The world is trying to get every vehicle to become autonomous, may it be cars, drones, airplanes, and what not. No wonder humans are scared of losing their jobs to artificial systems. In the whole hype of self-driving cars, we hear very little about autonomous vehicles at the sea. While others may not consider the wide possibilities of the autonomous shipping container, a Norwegian company Yara did. Yara has partnered with a maritime technology company Kongsberg and built the world’s first all-electric autonomous container ship that is prepared to float by the end of 2018.
The Yara Birkeland is a high-tech container ship that will transport chemicals and fertilizers from Yara’s Prosgrunn production plant to the town of Brevik and Larvik nearby. When the ship first sets sails in 2018, it will be operated manually. By 2019, the all-electric ship will be enabled for remote operation, and plans call to impart full autonomy by 2020. As of now, the fertilizer and chemical cargo require 40,000 truck journeys a year, and the electric shipping way will reduce the NOx and CO2 emissions significantly. The President and CEO of Yara, Svein Tore Holsether says, “With this new autonomous battery-driven container vessel we move transport from road to sea and thereby reduce noise and dust emissions, improve the safety of local roads, and reduce NOx and CO2 emissions.”

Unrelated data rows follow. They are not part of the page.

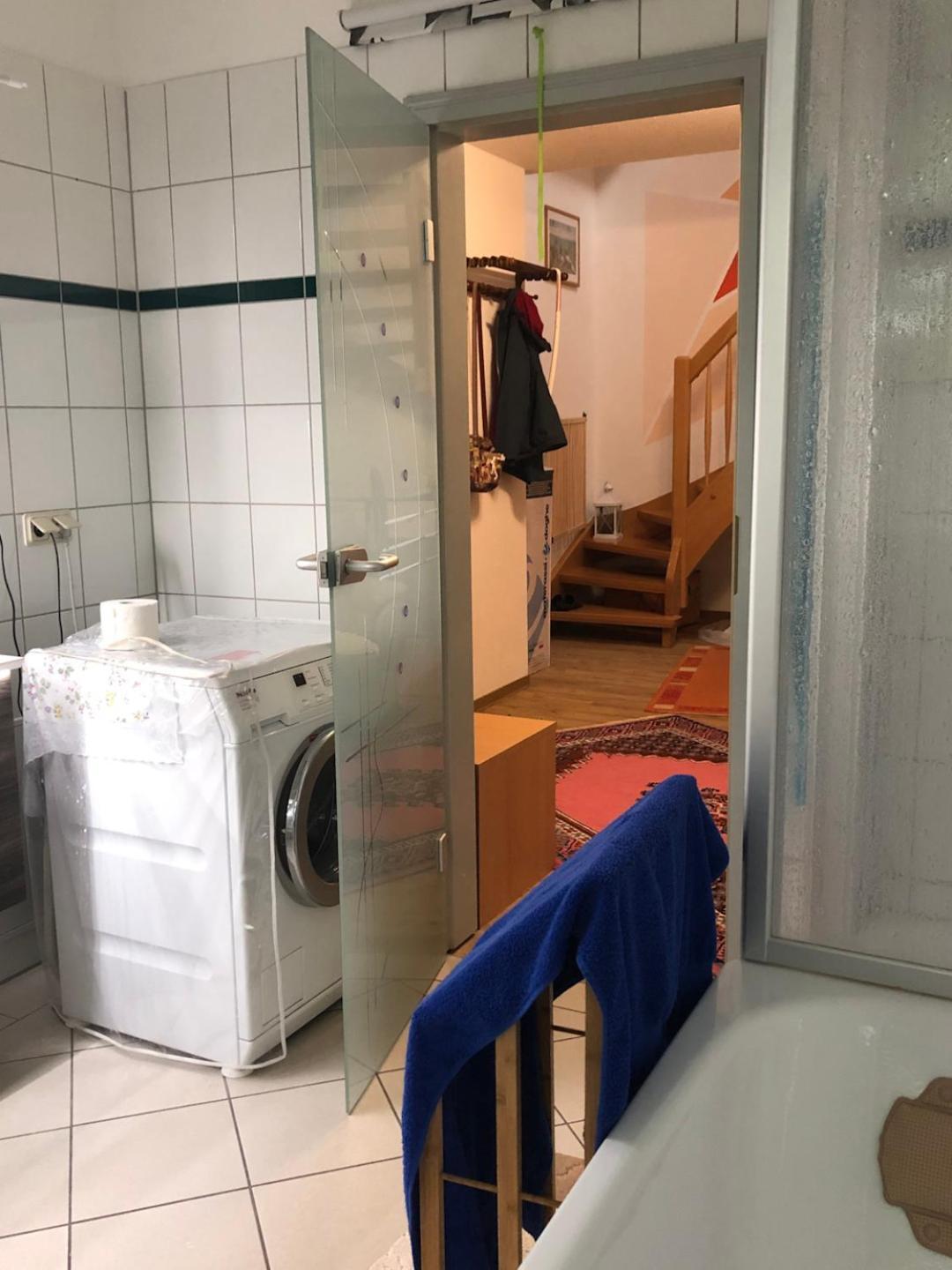 Marktresidenz Eisenach- Stilvolle Maisonette Mit 3 Zimmern Und 2 Baedern Exterior foto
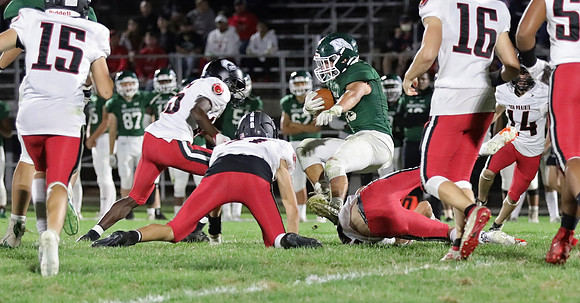 9-17-21 vs. Madison Memorial  (174)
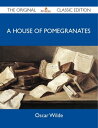 ＜p＞Finally available, a high quality book of the original classic edition of A House of Pomegranates.＜/p＞ ＜p＞This is a new and freshly published edition of this culturally important work by Oscar Wilde, which is now, at last, again available to you.＜/p＞ ＜p＞Enjoy this classic work today. These selected paragraphs distill the contents and give you a quick look inside A House of Pomegranates:＜/p＞ ＜p＞The child of the old King's only daughter by a secret marriage with one much beneath her in station - a stranger, some said, who, by the wonderful magic of his lute-playing, had made the young Princess love him; while others spoke of an artist from Rimini, to whom the Princess had shown much, perhaps too much honour, and who had suddenly disappeared from the city, leaving his work in the Cathedral unfinished - he had been, when but a week old, stolen away from his mother's side, as she slept, and given into the charge of a common peasant and his wife, who were without children of their own, and lived in a remote part of the forest, more than a day's ride from the town. Grief, or the plague, as the court physician stated, or, as some suggested, a swift Italian poison administered in a cup of spiced wine, slew, within an hour of her wakening, the white girl who had given him birth, and as the trusty messenger who bare the child across his saddle-bow stooped from his weary horse and knocked at the rude door of the goatherd's hut, the body of the Princess was being lowered into an open grave that had been dug in a deserted churchyard, beyond the city gates, a grave where it was said that another body was also lying, that of a young man of marvellous and foreign beauty, whose hands were tied behind him with a knotted cord, and whose breast was stabbed with many red wounds.＜/p＞ ＜p＞...He missed, indeed, at times the fine freedom of his forest life, and was always apt to chafe at the tedious Court ceremonies that occupied so much of each day, but the wonderful palace - Joyeuse, as they called it - of which he now found himself lord, seemed to him to be a new world fresh-fashioned for his delight; and as soon as he could escape from the council-board or audience-chamber, he would run down the great staircase, with its lions of gilt bronze and its steps of bright porphyry, and wander from room to room, and from corridor to corridor, like one who was seeking to find in beauty an anodyne from pain, a sort of restoration from sickness.＜/p＞ ＜p＞...Sadder even than usual was the King, for as he looked at the Infanta bowing with childish gravity to the assembling counters, or laughing behind her fan at the grim Duchess of Albuquerque who always accompanied her, he thought of the young Queen, her mother, who but a short time before - so it seemed to him - had come from the gay country of France, and had withered away in the sombre splendour of the Spanish court, dying just six months after the birth of her child, and before she had seen the almonds blossom twice in the orchard, or plucked the second year's fruit from the old gnarled fig-tree that stood in the centre of the now grass-grown courtyard.＜/p＞ ＜p＞...Even after the expiration of the three years of public mourning that he had ordained throughout his whole dominions by royal edict, he would never suffer his ministers to speak about any new alliance, and when the Emperor himself sent to him, and offered him the hand of the lovely Archduchess of Bohemia, his niece, in marriage, he bade the ambassadors tell their master that the King of Spain was already wedded to Sorrow, and that though she was but a barren bride he loved her better than Beauty; an answer that cost his crown the rich provinces of the Netherlands, which soon after, at the Emperor's instigation, revolted against him under the leadership of some fanatics of the Reformed Church.＜/p＞画面が切り替わりますので、しばらくお待ち下さい。 ※ご購入は、楽天kobo商品ページからお願いします。※切り替わらない場合は、こちら をクリックして下さい。 ※このページからは注文できません。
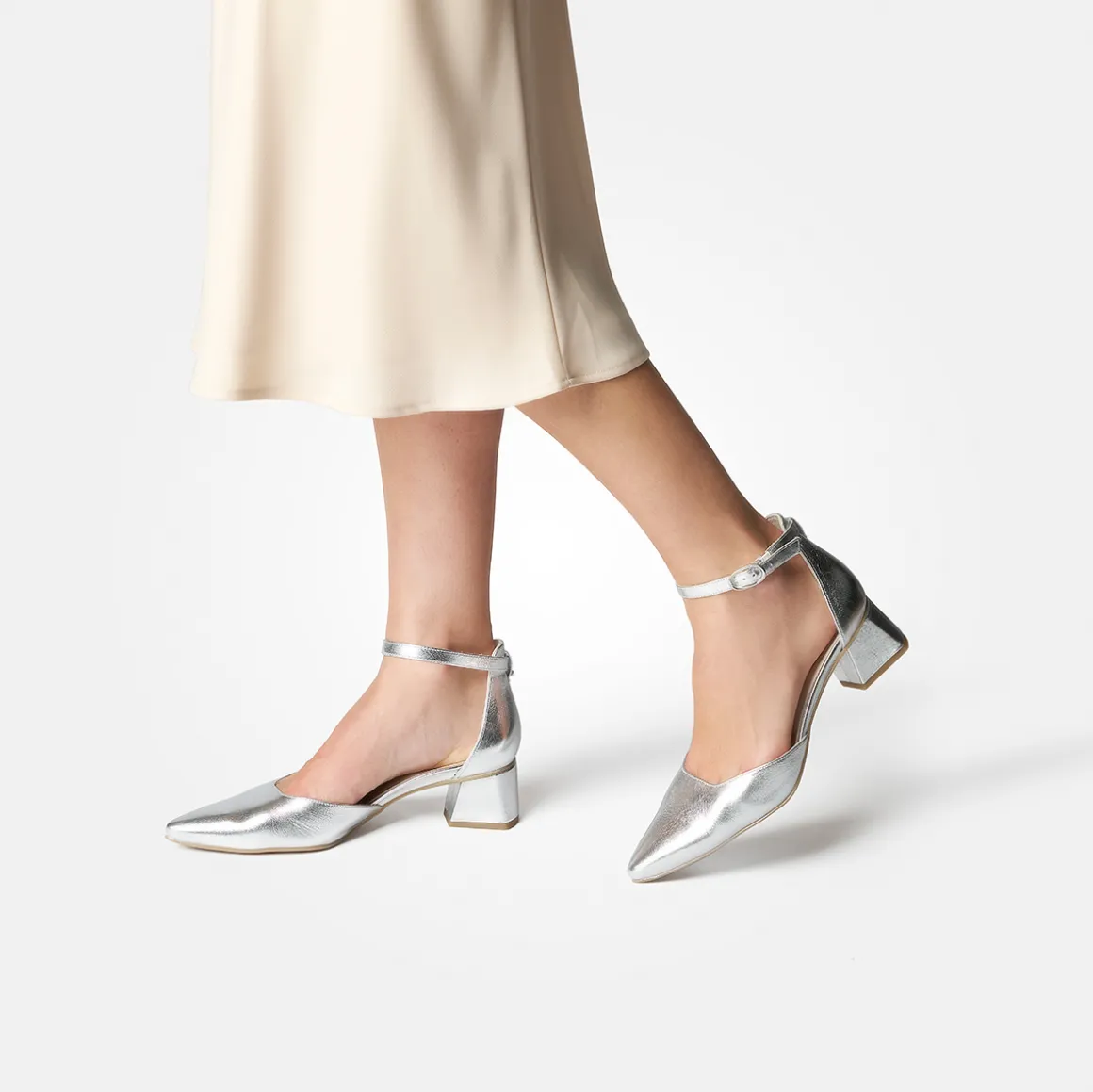 Pumps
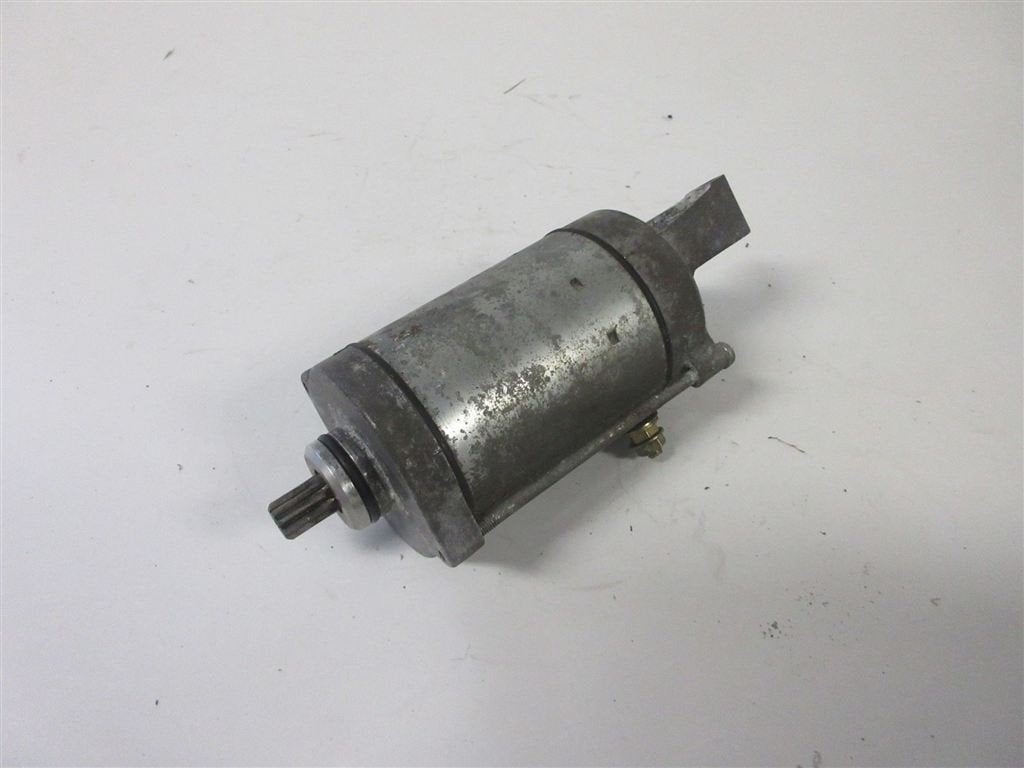 Honda CBR1000F startmotor CBR 1000 F start motor starter, Ophalen of Verzenden, Gebruikt
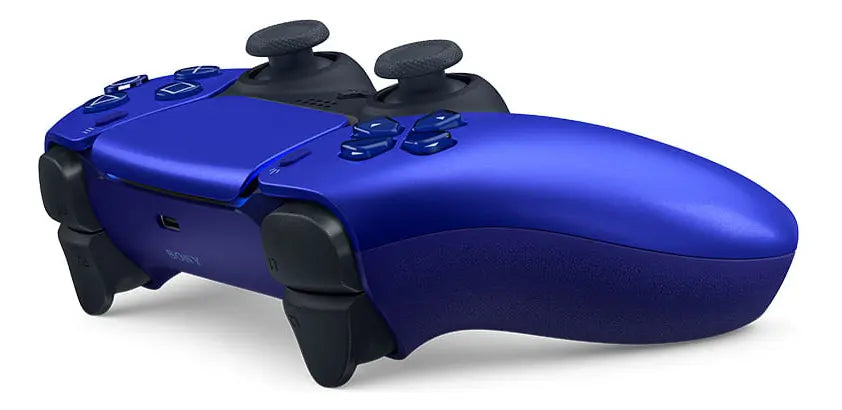 Control Inalámbrico DualSense PS5 Sony CFI-ZCT1W Azul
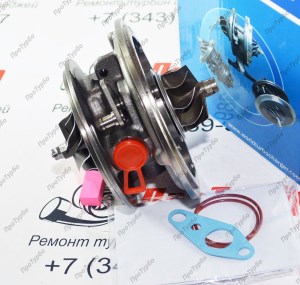 Картридж турбины E&E Turbo GT14-005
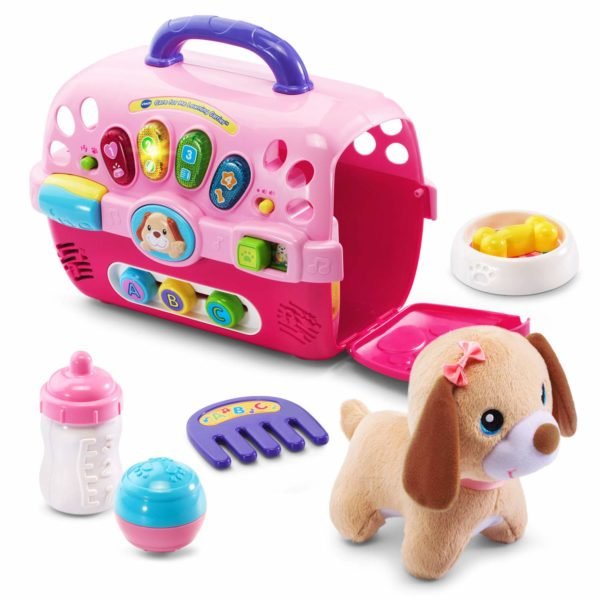 VTech Learning Carrier Care for Me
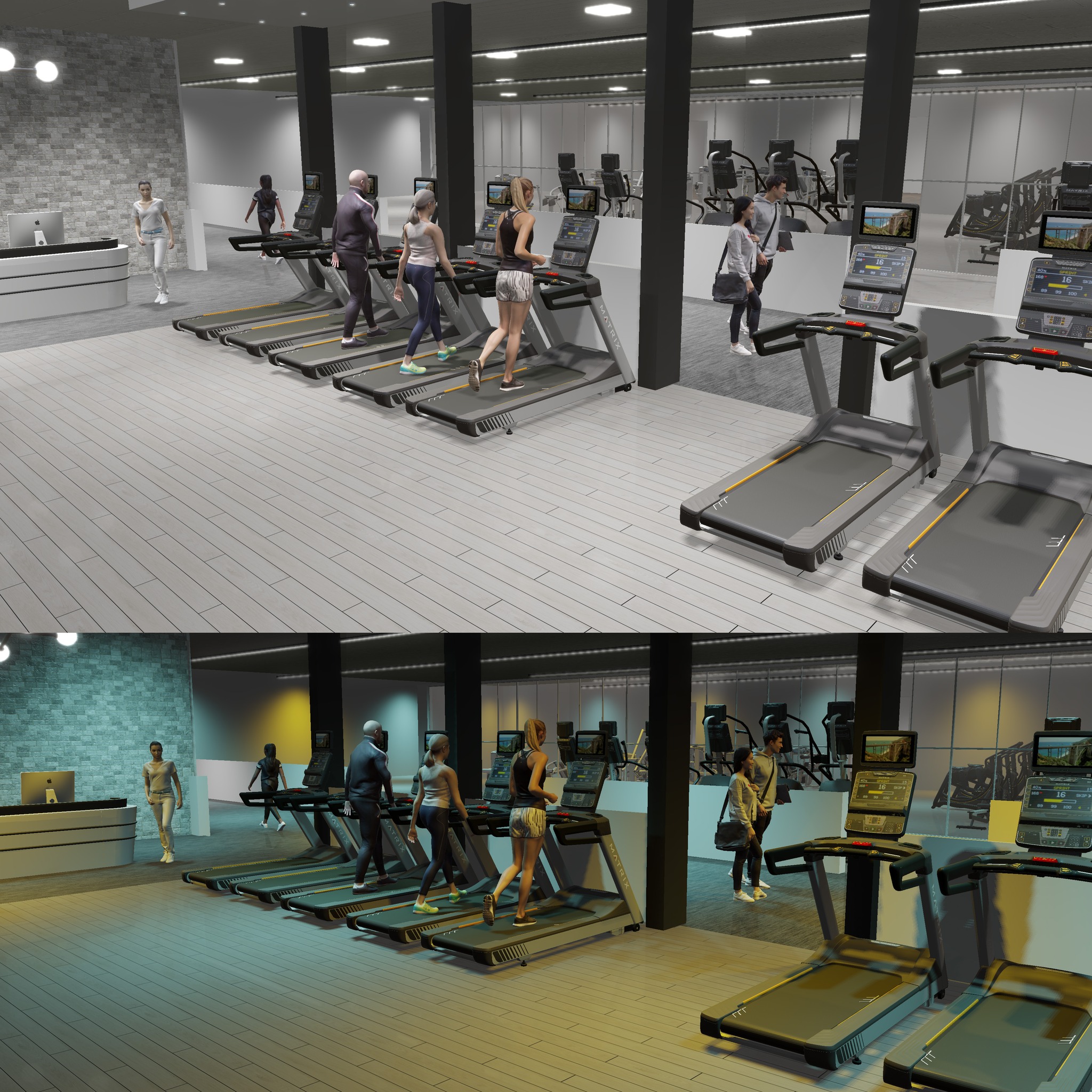 Ecdesign - The new 3D engine in Ecdesign 5 makes it... | Facebook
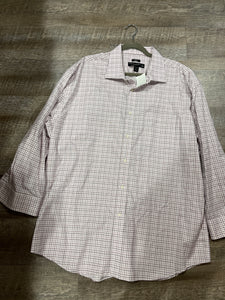 DRESS SHIRT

Before the Yara Birkeland manages to move towards autonomous operation, it has to overcome a lot of pragmatic and regulatory hurdles. The Norwegian Maritime Authority and the Norwegian Coastal Administration have signed an agreement to designate the Trondheim fjord area solely for the testing of autonomous ships. This will solve a lot of issues that the company has come across in the development of its autonomous ship.
The first autonomous all-electric commercial ship will be sailing the seas hopefully by 2020, that actually sounds like it will get to us quicker than self-driving cars that have been hyped for decades. Autonomous ships, once fully developed will offer tons of application in shipping, increasing the efficiency significantly by reducing human intervention, and the need for extra cabin space for human operators.